# Aim of the exercise
The copy should hold exactly the lines below from the one that contains "Stage performance with" through the one that contains "Gorra 59Fifty Los" and nothing else, so no pictures.

# Exercise data
● ● ● ● ●

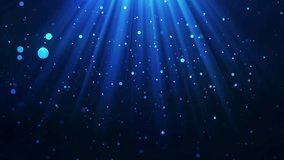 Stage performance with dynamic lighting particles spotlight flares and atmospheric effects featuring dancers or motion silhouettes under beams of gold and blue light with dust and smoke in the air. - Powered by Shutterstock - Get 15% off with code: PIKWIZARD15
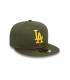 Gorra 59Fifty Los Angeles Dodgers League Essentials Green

● ● ● ● ●

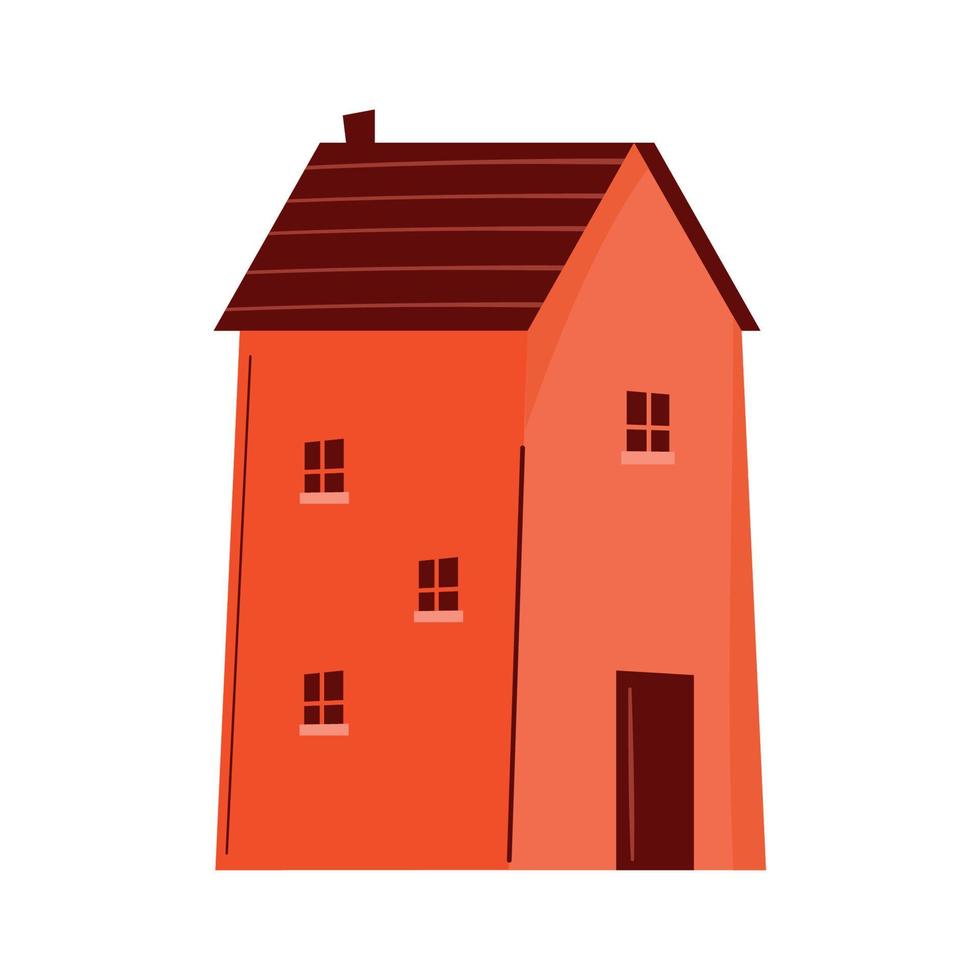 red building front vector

● ● ● ● ●

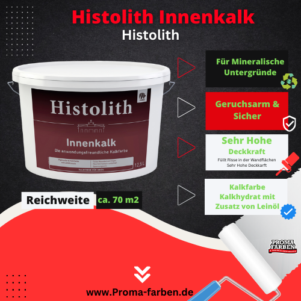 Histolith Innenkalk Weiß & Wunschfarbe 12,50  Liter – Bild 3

● ● ● ● ●

# Solved problem
 Stage performance with dynamic lighting particles spotlight flares and atmospheric effects featuring dancers or motion silhouettes under beams of gold and blue light with dust and smoke in the air. - Powered by Shutterstock - Get 15% off with code: PIKWIZARD15
 Gorra 59Fifty Los Angeles Dodgers League Essentials Green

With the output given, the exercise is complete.